Poetry Prompt no.4 - Alliteration

  • Melpomene
    2 years ago

    Sometimes as a teacher I have to teach outside my disciplinary area. Lately, I have been teaching quite a few English lessons where poetry is the topic. No matter what age I teach, my students seem to really love alliteration, especially when they're given the following prompt:

    'Take the first letter of your name and create an alliterative poem about yourself. You should consider humour in your writing'.

    Students are given about 15 minutes to come up with a poem, we then go around the room and each student has a go at reading what they have written. Most of the time their poems are hilarious and we all have a good giggle. Oh to have their imagination!

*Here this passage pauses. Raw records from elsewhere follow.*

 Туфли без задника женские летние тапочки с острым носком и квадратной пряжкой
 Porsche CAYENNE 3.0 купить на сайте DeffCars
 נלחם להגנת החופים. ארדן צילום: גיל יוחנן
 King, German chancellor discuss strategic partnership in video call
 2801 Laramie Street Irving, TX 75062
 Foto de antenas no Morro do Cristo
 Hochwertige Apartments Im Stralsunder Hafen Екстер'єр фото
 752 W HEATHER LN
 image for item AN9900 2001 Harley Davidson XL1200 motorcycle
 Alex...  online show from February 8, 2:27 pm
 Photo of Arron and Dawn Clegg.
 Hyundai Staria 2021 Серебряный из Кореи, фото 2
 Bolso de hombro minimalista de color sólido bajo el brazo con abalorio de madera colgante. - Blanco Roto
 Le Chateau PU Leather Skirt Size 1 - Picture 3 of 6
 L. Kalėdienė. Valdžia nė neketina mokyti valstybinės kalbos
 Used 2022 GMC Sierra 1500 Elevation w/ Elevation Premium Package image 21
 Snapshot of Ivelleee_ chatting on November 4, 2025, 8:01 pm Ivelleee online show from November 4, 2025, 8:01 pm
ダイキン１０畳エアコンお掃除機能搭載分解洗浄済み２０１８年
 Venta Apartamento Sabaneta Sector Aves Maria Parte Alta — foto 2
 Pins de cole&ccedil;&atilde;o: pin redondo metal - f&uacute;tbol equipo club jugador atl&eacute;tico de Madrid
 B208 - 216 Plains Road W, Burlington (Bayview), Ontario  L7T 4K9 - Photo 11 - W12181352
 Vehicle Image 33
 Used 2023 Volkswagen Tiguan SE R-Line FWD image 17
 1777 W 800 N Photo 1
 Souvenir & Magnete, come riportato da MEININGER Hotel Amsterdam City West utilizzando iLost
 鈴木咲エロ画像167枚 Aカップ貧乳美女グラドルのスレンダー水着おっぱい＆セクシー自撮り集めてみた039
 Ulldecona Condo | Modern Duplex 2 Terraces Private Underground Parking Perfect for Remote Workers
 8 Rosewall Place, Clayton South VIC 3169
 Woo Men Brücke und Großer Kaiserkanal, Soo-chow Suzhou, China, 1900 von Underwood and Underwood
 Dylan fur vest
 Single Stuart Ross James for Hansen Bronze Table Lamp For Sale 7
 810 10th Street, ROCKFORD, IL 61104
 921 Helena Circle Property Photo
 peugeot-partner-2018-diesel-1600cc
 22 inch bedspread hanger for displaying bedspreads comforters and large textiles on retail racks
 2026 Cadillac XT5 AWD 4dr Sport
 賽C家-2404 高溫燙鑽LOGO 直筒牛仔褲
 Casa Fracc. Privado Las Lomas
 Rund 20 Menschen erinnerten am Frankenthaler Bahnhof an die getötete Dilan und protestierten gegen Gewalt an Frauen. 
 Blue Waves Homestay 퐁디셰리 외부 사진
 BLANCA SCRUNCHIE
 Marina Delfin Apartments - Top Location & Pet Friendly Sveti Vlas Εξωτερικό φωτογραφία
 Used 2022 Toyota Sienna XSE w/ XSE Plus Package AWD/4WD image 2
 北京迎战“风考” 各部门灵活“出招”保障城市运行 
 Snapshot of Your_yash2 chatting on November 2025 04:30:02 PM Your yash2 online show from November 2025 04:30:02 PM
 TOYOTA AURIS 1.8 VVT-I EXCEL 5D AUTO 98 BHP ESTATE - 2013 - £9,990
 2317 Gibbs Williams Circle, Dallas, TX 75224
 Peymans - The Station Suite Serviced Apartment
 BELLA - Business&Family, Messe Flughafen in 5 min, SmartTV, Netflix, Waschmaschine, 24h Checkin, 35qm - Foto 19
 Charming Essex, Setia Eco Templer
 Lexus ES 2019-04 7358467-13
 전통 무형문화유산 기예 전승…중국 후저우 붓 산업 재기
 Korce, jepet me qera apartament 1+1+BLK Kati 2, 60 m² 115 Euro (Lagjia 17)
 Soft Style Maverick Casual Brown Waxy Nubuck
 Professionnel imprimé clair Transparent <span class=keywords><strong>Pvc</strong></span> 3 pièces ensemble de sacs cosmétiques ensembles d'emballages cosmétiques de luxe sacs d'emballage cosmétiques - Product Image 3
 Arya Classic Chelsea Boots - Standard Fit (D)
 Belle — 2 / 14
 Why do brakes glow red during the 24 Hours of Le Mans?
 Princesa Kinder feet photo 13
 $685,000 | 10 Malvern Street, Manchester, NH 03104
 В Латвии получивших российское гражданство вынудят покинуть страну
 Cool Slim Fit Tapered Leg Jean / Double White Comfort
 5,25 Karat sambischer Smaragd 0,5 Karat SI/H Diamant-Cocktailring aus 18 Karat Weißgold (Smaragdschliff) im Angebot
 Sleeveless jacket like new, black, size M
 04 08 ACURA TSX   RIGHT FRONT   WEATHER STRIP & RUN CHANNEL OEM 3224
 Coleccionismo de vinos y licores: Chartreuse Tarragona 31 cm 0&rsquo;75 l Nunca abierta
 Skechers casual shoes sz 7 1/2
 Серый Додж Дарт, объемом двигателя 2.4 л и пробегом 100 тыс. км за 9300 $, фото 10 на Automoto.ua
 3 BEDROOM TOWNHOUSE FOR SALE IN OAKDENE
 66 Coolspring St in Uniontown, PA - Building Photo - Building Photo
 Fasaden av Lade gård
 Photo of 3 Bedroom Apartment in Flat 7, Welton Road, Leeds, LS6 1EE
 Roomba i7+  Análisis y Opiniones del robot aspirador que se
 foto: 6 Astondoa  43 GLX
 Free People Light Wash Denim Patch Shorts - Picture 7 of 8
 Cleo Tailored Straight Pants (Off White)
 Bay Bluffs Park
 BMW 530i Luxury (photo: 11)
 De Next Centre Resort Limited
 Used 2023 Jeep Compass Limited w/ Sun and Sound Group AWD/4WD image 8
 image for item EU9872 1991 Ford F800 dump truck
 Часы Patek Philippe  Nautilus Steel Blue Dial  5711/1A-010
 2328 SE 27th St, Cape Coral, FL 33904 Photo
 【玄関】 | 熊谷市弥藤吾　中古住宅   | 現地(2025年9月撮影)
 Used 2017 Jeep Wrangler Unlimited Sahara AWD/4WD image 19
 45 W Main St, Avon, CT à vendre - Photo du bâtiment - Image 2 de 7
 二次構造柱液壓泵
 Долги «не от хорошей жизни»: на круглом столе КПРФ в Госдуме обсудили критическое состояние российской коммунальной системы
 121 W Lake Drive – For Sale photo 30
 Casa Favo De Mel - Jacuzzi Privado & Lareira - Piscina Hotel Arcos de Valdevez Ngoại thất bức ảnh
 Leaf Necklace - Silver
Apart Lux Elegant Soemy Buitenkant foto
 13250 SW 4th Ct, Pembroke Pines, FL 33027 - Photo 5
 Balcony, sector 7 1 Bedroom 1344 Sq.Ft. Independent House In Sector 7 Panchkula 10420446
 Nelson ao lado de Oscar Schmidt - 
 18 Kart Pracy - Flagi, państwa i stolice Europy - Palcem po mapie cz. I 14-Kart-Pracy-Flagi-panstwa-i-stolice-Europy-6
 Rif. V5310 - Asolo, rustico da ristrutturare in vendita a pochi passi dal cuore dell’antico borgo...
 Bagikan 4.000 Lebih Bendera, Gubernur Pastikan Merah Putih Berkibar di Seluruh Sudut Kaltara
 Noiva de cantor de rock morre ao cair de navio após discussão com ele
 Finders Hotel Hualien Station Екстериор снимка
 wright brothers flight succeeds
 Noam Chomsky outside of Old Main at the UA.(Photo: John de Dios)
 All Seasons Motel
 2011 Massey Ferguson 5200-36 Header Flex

    I can't wait to see what you all come up with when using this prompt!

  • Larry Chamberlin
    2 years ago

    Laughing because of my ADD:

    Larry (alliterative acrostic)

    Listening to long lasting lectures
    allows me to lose the lackluster
    rigidity of learning and let myself
    rise to levels of intellection
    yet to be allotted to my fellows.

  • Everlasting
    2 years ago

    Lucero likes lilies like looking silly,
    laughing loudly, lightly, lively.
    Lucero is lazy, oh crazy,
    crazily quiet, quietly silent.
    Lucero likes lectures.
    Like Larry
    likes learning unlimitlessly
    Long lasting lessons.

    Fun- thank you for the challenge.

  • - Mr. Darcy
    2 years ago

    Michael (alliterated acrostic)

    My mischievous marveling,
    ices inventions into
    cartwheeling creamed cakes,
    heaven honed bakes;
    assorted and arranged.
    each individual invention invites
    language laid out for lounging lizards of light.

    Thanks for this...

  • Melpomene
    2 years ago

    These have been fun to read, thanks for participating!

    Mel

    Like a mischievous macaw, Mel makes
    maple muffins, master's mahjong on mahogany
    and marble tabletops, meets many mighty
    snakes and marries medusa. Mel
    is a mental dreamer and a flamboyant
    believer that the more manic these
    alliterations get, the more memorable
    'm' words she'll never forget.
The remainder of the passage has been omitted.